Mrs Benjaline Akeng’a, the regional director of Family Transformation Ministries says: “My heart sinks every time I hear a couple going into marriage without counselling.”

She has done counselling for over 15 years and has dealt with conflict in marriages that did not undergo premarital counselling.

Simply put, she says, the importance of premarital counselling cannot be over-emphasised.

In the traditional African set up, parents prepared their children for marriage by bringing in aunts and uncles to tell them about what to expect in marriage. This practice has outlived its time and there is need to address present-day challenges. With today’s wife leaving for the office in the morning together with her husband and arriving late in the evening, the traditional roles are phasing out.

But Benjaline argues that a wife’s submission and a man’s love must be there if a marriage is to last. People marry for a myriad of reasons.

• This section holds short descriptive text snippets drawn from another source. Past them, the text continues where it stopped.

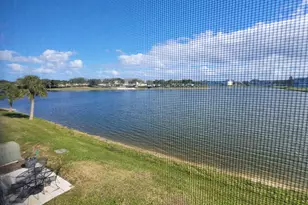 35 Somerset B, West Palm Beach, FL 33417 - Photo 2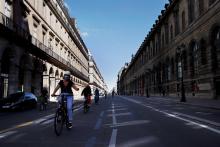 Des cyclistes rue de Rivoli, le 19 mai 2020 à Paris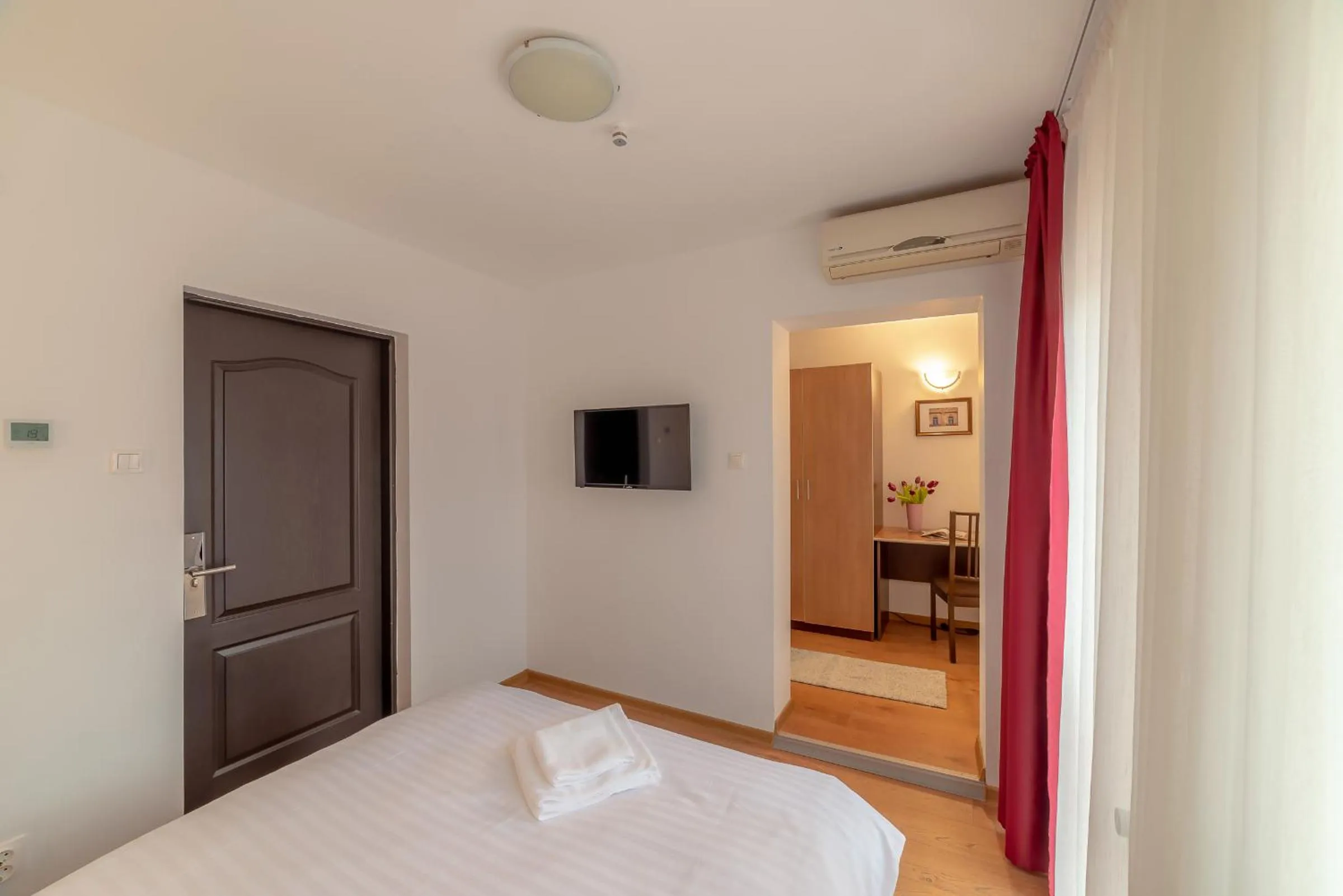 Photo of the whole room, Bed in Pension Cluj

A good number may argue that they are too in love to stay apart, some just bored of living alone and, therefore, want companionship while others may want a license to sex. Some women even marry not for themselves but to get fathers for their children.

Reasons for marriage

According to Pastor Julius Akeng’a, Benjaline’s husband, people marry for reasons ranging from genuine love to all sorts of weird misconceptions. Akeng’a, who is also in charge of family enrichment at Nairobi Pentecostal Church, Valley Road and co-works with his wife in Together Forever, a programme for engaged couples, says the first question he asks couples before he starts counselling is why they want to marry.

“It is shocking the reasons people give for wanting to marry. Some even say they realise it is time to ‘settle down’ and others due to peer, and parents’ pressure,” says Akeng’a.

He first disqualifies the idea of settling down in marriage, arguing that the amount of work and sacrifice it takes to build a strong and fulfilling marriage is nothing comparable to settling down.

Tabitha Gikanga a counsellor at Princeton Counselling Centre says marriage is an emotional thermometer for all other relationships. That if your marriage is warm, the church, workplace and other friendships will be warm. Tabitha who employs the integrated model of counselling, where she uses both psychological and Christian principles explains that both Christians and non-Christians marry for love and happiness and out of will not in obedience to any command.

The Akenga’s believe marriage is God-ordained and that counselling helps people realign themselves with God’s will.

When blindly in love, one may see a partner as an angel and incapable of hurting but as the reality of marriage dawns, the advice given during premarital counselling comes in handy.

Premarital counselling is ‘very important’ according so Mrs Emily Kiplimo who has been married for five years.

Invite experts

“Prior practical knowledge on the reality of financial management, openness and communication were helpful to us but what I have found most practical from our counselling is that intimacy does not come automatically in marriage,” Emily says, adding that couples have to deliberately create time for each other.

On reconcilling the cultural, social, educational, temperament and personality differences of the two, the Akeng’a’s provide a checklist of expectations and priorities, which they use to assess the couples and educate them on striking a balance.

In their counselling, which takes five group sessions and another five for each couple, the Akenga’s invite experts in various fields including a gynecologist. They also share their experience, given that they have been married for 23 years and counselled for over 10 years. With practical experience resulting from many years of interacting with different couples in diverse situations and from different ethnic, religious and social backgrounds, they are able to predict pitfalls in intended marriages and give advice.